Logo as "Sports 1280"

===Sports Radio===
In the early 1990s, WQUE tried an all-sports format that included broadcasts of the New Orleans Saints, but it didn't last long. On February 1, 1996, the station flipped to an all-blues format as WODT. The call sign represented the chant used by fans of the New Orleans Saints, Who dat? Despite good ratings, the format did not attract advertisers.

In October 2003, WODT returned to sports programing from Fox Sports Radio, ESPN Radio and "The Jim Rome Show." WODT was the flagship station of the New Orleans Hornets radio network from 2003–2006. Hornets radio color analyst Gerry Vaillancourt hosted a popular afternoon sports talk call-in show from May 2004—December 2006. The sports format ran for almost five years.
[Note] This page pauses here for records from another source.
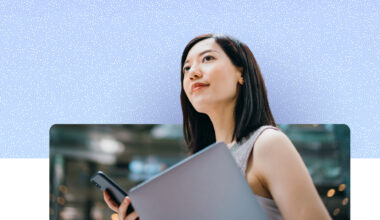 Person holding a laptop and smartphone, looking upward outdoors, with a softly blurred urban background and a blue textured graphic overlay above.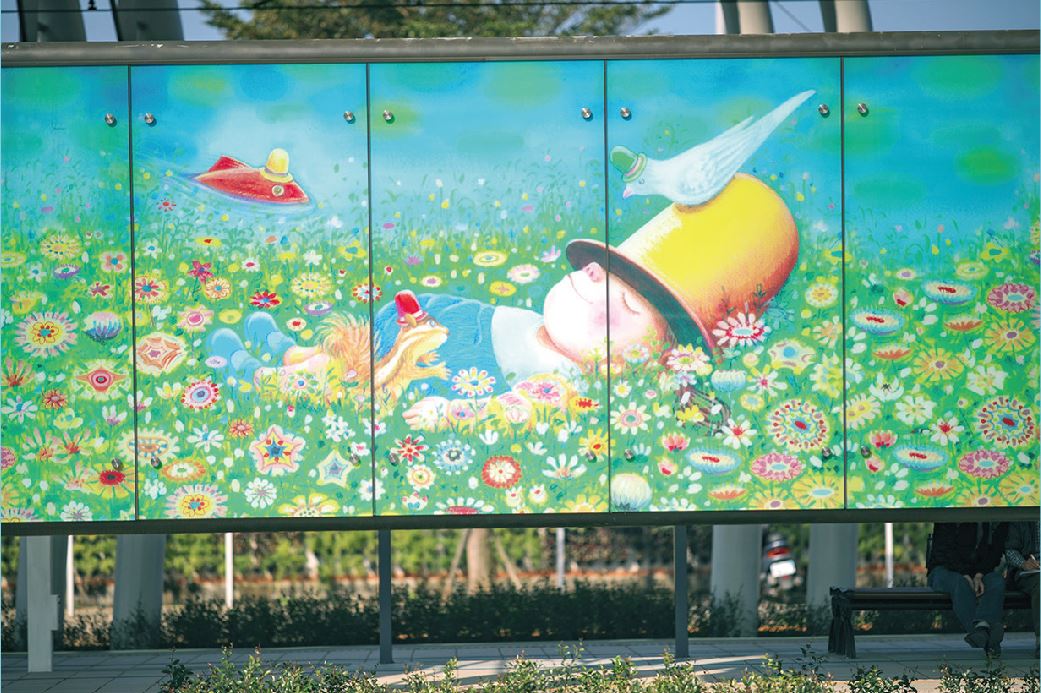 崁頂站有一大片彩繪玻璃牆，孩子躺在花叢裡等待下一次旅途展開。 圖：翻攝自淡海輕軌導覽手冊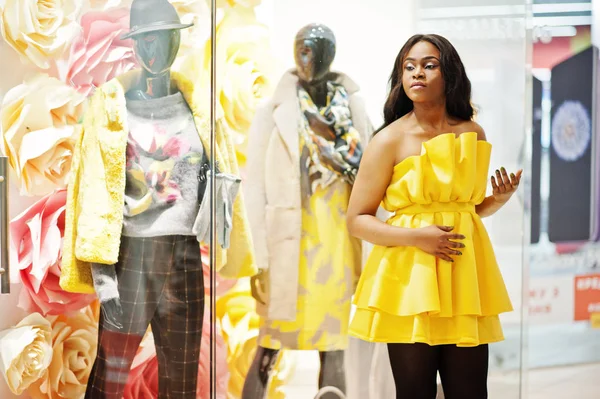 Stylish african american woman at yellow dreess posed against showcases with mannequins at mall.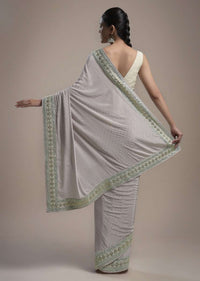 Powder Purple Saree In Crepe With Thread And Gotta Patti Embroidered Border And Unstitched Blouse Online - Kalki Fashion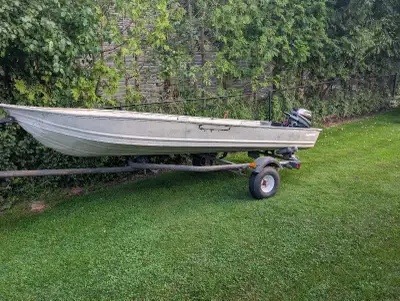 14' SEA NYMPH ALUMINUM BOAT WITH 6HP YAMAHA AND TRAILER. $2000 OBO
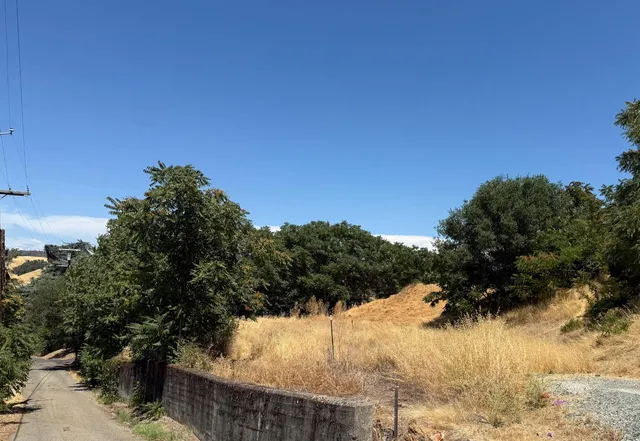 a view of a yard covered with snow in front of house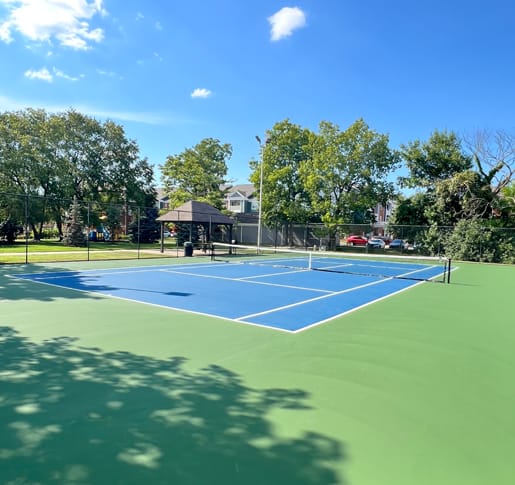 a blue and green tennis court with a black scoreboard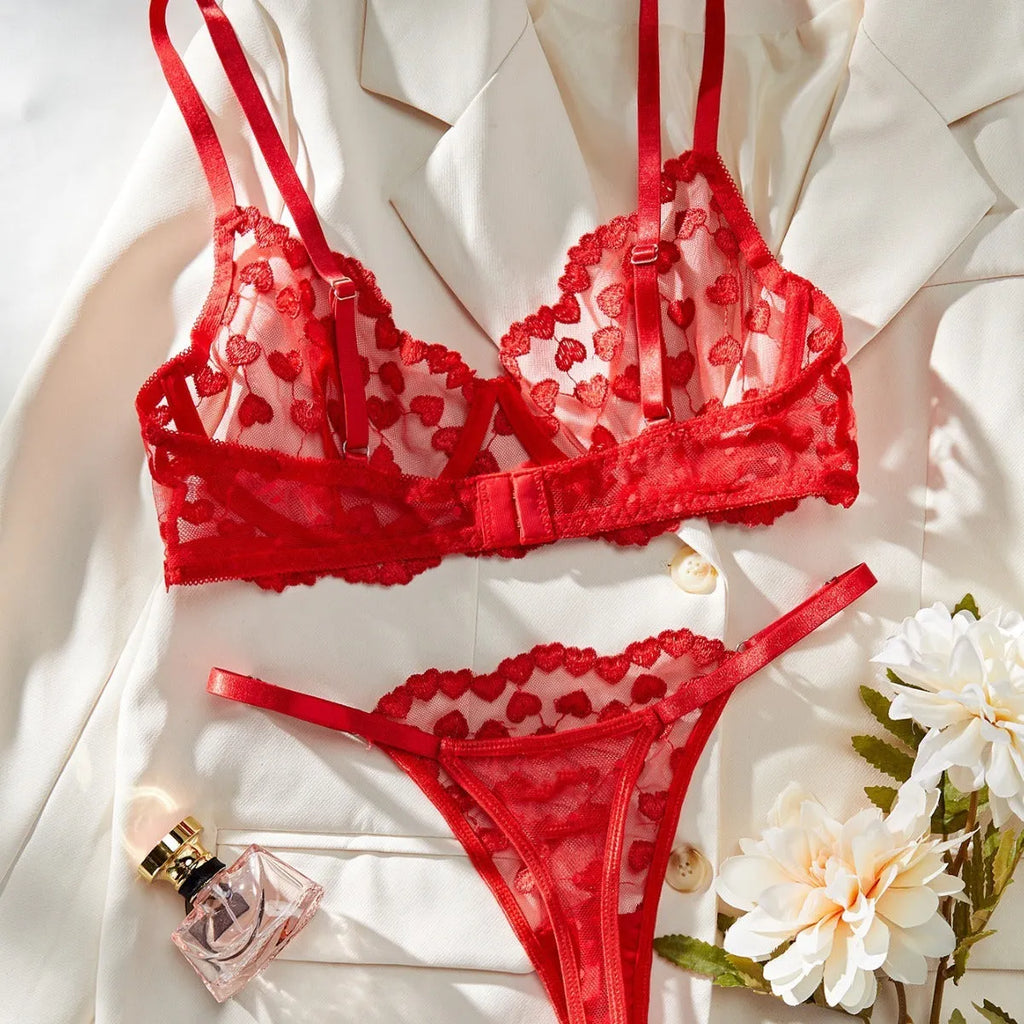 Women's two-piece mesh suit with romantic multi-colour overlay design, showing sleeveless top and matching trousers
The station's final sports-era legal ID was an homage both to the station's small, but loyal following, and to the Jim Rome Show; it contained a frequent Rome Show sign-off clip ("I think what I'm supposed to say is, 'Thank you. I'm out.'")

===Urban Gospel===
On June 25, 2008, WODT switched to an urban gospel format, complementing a similar format on sister station WYLD. On September 4, 2012, the station became an affiliate of ESPN Deportes Radio, as a Spanish-language sports outlet.

On September 15, 2014, WODT switched from ESPN Deportes' Spanish-language sports programming back to English-language sports, with programming from Fox Sports Radio. WODT began rebroadcasting on the HD-2 subchannel of co-owned 101.1 WNOE-FM. In 2020, WODT began simulcasting on an FM translator at 96.7 MHz.

===Black Information Network===
On June 29, 2020, 15 iHeart stations in markets with large black populations, including WODT New Orleans, began stunting. The speeches of prominent African Americans were aired, interspersed with messages such as "Our Voices Will Be Heard" and "Our Side of the Story is About to be Told,." A new format was slated to debut on June 30.

That day, WODT, along with the other 14 stations, launched the Black Information Network. It broadcasts an African American-oriented all-news format. Local news, traffic and weather updates are integrated into network programming.